Australia: Cement and lime manufacturer Adelaide Brighton Ltd (AB) has announced that its half-year profit for the first six months of 2011 declined by 10.6% amid weakness in the housing sector. The company stressed, however, that it was confident with regard to its future earnings. AB's net profit fell to USD64.67m for the six months to 30 June 2011 from USD72.0m in the first half of 2010. Its revenue declined by 2.2% USD531.5m.
While outlining a mixed to steady outlook of demand for its building products, AB said that it was, "confident on future earnings due to its strong exposure to infrastructure and resources."
Covering off the furore over Australia's potential CO2 tax, AB said that it had, "already significantly reduced its carbon footprint by using alternative fuels and sourcing alternative raw materials." It added that it had already closed inefficient clinker facilities and was now the largest importer of cement and clinker into Australia.
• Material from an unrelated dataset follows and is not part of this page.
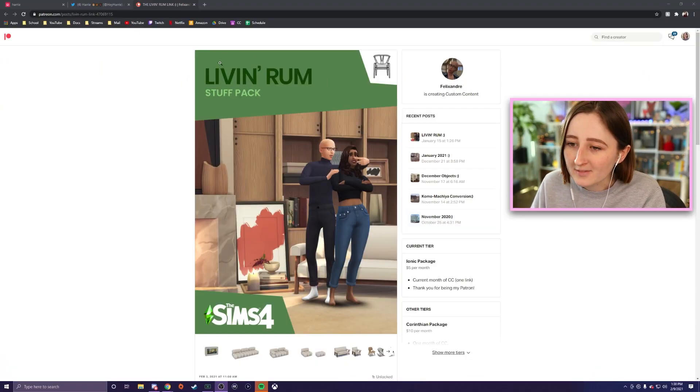You might recognize this art style — this stuff pack logo is The Sims art style, but you might recognize these people. They've made like the kitchen stuff pack, they have a bathroom one, a kids room one, even a patio garden one. They have a million different CC packs, they're all amazing. Honestly, some of my absolute most favorite things. I just think they are so talented.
This, it said, has helped to reinforce a strong position for the company relative to domestic cement and clinker competitors.
AB's apparent stance is distinctly opposed to those of the members of the public (who came out in protest in the capital Canberra on 16 August 2011), Opposition politicians, BCG Cement and the Cement Industry Federation, which have variously warned of massive job losses in the cement industry, price increases and emission leakage to countries with weaker environmental regulations.
Chris Harris from AB said that the company believed that the carbon tax, as proposed, would not have any significant impact on the continuation of AB's successful growth strategy of the past decade and that AB would continue its successful long-term strategy of operational improvement, growth in the lime business and vertical integration into downstream markets.